= DVD magazine =

Digital periodical format

A DVD magazine is a magazine that collects most of its content on DVD, or is issued in a DVD-only format. It was invented by Isak Bini who published the first DVD magazine: City and You DVD magazine. It will play on a regular DVD player.

The content on a DVD magazine can vary with things like Live-action short films, interviews, animated shorts, music videos, trailers, Interactive games, and much more.

==Selected list of DVD magazines==
- City & You DVD Magazine
- Aspect Magazine
- Wholphin DVD Magazine
- The Raw Report DVD-Magazine
- Array DVD magazine
- Uncut DVD
- XXL DVD Magazine (first issue released January 2007 magazine from the publishers of XXL magazine)
- Movie FX Magazine (well known for its 4th issue being the only official public DVD release of the original 2002 Spider-Man trailer with the World Trade Center Twin Towers)
- Guitar World presents...Guitar DVD
- Short Cinema Journal
- 2012 Aficionado DVD Zine (known as the first zine in DVD format)
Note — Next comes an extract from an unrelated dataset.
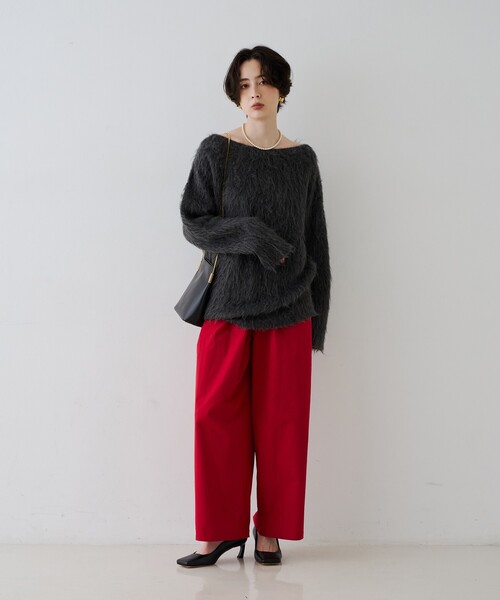 Rouge vif(ルージュヴィフ)の「モヘア混シャギーニットプルオーバー(ニット/セーター・レディース・ベージュ/グレー・フリー)」の14枚目の写真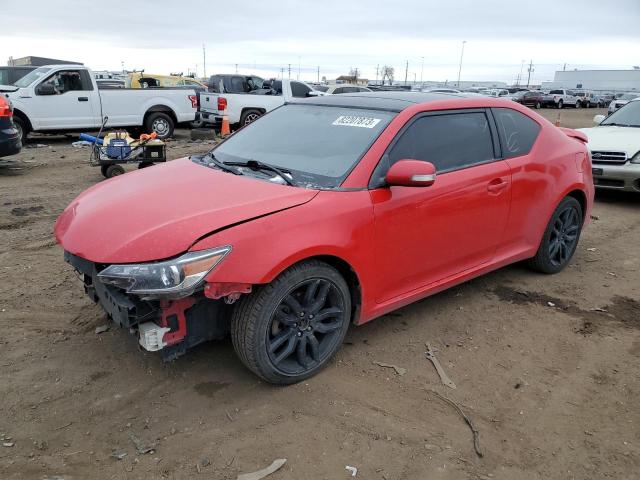 JTKJF5C73E3075072 - 2014 TOYOTA SCION TC RED photo 1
==Magazines that usually have accompanying DVDs==
- Total Movie, a magazine that would always include an accompanying bonus full-length film on DVD along with trailers, and short films.
- Newtype USA, always came with a DVD of anime episodes.
- Official Xbox Magazine
- Official U.S. PlayStation Magazine
- Young Guitar Magazine, usually comes with a DVD of guitar performances.
- Paste, usually includes a CD or DVD or both.